Existing home sales, completed transactions that include single-family homes, townhomes, condominiums and co-ops, finished 2016 at 5.45 million sales, the highest level since 2006.
But, there are problems still.
December struggled with affordability and low levels of supply, bringing down its existing home sales by 2.8% to a seasonally adjusted rate of 5.49 million, down from an upwardly revised 5.65 million in November. This is still an increase of 0.7% from last year.
“After beating expectations in September, October and November, reality finally caught up with existing homes sales in December,” Zillow Chief Economist Svenja Gudell said. “This monthly drop cancelled out any momentum sales had picked up – making the annual gain just shy of 1%.”
“Solid job creation throughout 2016 and exceptionally low mortgage rates translated into a good year for the housing market,” NAR Chief Economist Lawrence Yun said. “However, higher mortgage rates and home prices combined with record low inventory levels stunted sales in much of the country in December.”
“While a lack of listings and fast rising home prices was a headwind all year, the surge in rates since early November ultimately caught some prospective buyers off guard and dimmed their appetite or ability to buy a home as 2016 came to an end,” Yun said.
The median existing home price increased for all housing types in December to $232,200, up 4% from December 2015. This marks the 58th consecutive month of year-over-year gains.
“Importantly, and despite the slip in sales, the inventory of homes for sale fell to the lowest level in the 17 years for which data is available,” Nationwide Chief Economist David Berson said. “Looking at just single-family sales, the inventory of home for sale dropped to the second lowest level in the nearly 34 years for which data is available.”
In addition to working at insurance and financial services companie Nationwide, Berson previously served as Fannie Mae’s chief economist, where he worked for more than 20 years.
“This low level of inventories has two significant impacts: It reduces the number of sales as there are fewer homes to be purchased and it pushes up re-sale prices, with the median sales price of existing homes sold up by 5.5% in 2016 – the fifth consecutive year in which prices rose by more than 5%,” Berson said.
Total housing inventory dropped 10.8% in December to 1.65 million existing homes available for sale, the lowest level since NAR began tracking housing supply in 1999. Inventory decreased 6.3% from last year and has fallen for 19 consecutive months to a 3.6-month supply at the current sales pace.
“Housing affordability for both buying and renting remains a pressing concern because of another year of insufficient home construction,” Yun said. “Given current population and economic growth trends, housing starts should be in the range of 1.5 million to 1.6 million completions and not stuck at recessionary levels.”

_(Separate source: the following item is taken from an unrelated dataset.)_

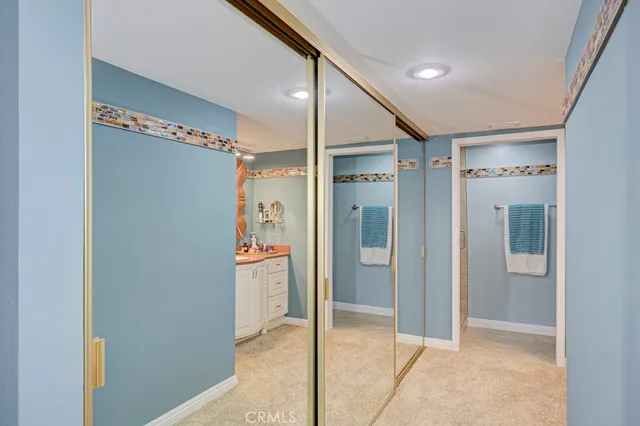 a bathroom with a glass shower door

“More needs to be done to address the regulatory and cost burdens preventing builders from ramping up production,” he said.

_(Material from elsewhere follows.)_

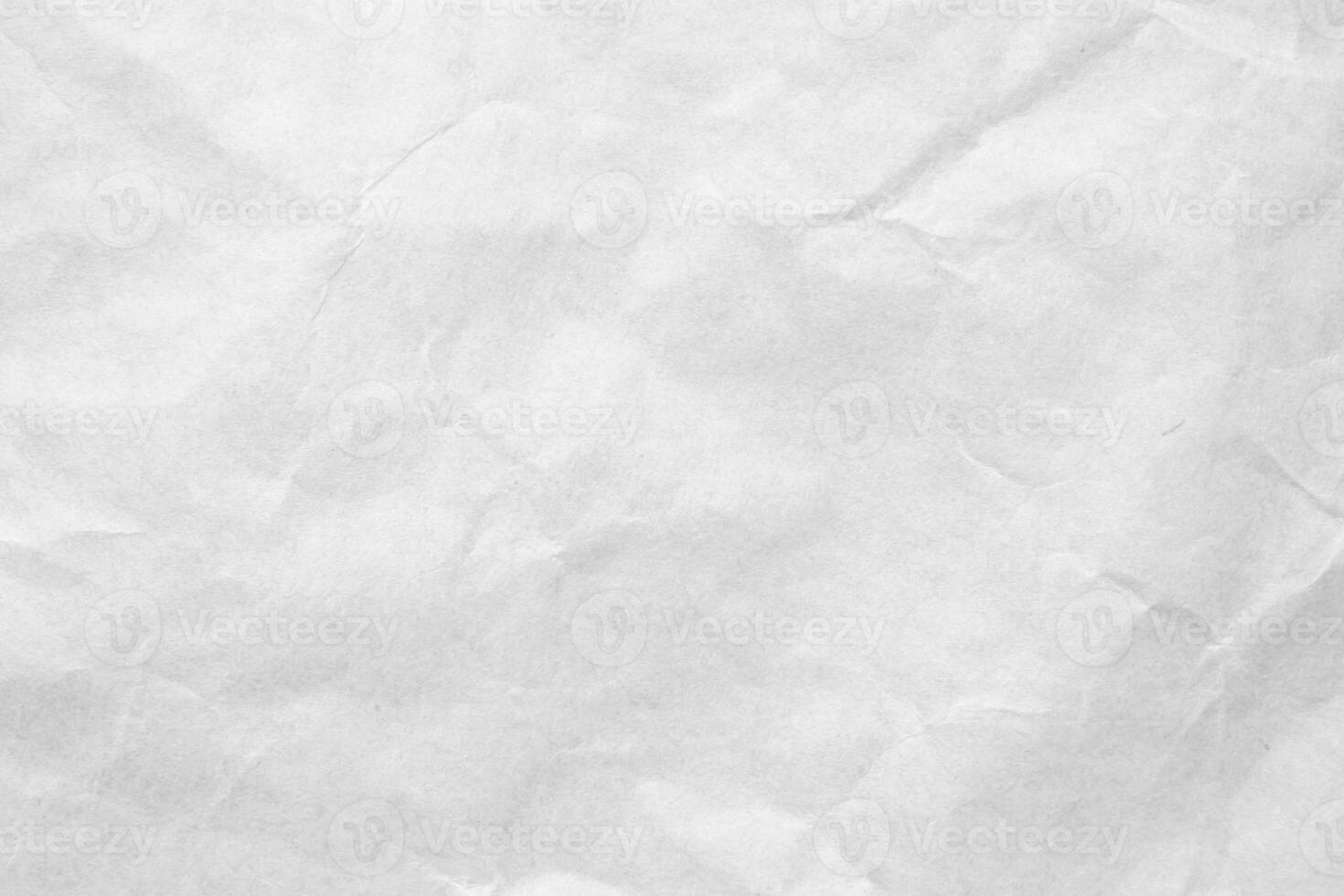 Abstract white crumpled and creased recycle craft paper texture background photo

In face, one expert stressed that lack of inventory is one of the most important factors holding back home sales.
“Mortgage rates aren’t holding back home sales; the drop in inventory is,” Redfin Chief Economist Nela Richardson countered. “Among homes that sold in December, just shy of one-third, 32.7%, went under contract within two weeks—the largest reduction in inventory in any single month on record.”
First time buyers held steady, making up 32% of the market, the same as November of 2016 and December 2015.
“Constrained inventory in many areas and climbing rents, home prices and mortgage rates means it’s not getting any easier to be a first-time buyer,” Yun said. “It’ll take more entry-level supply, continued job gains and even stronger wage growth for first-timers to make up a greater share of the market.”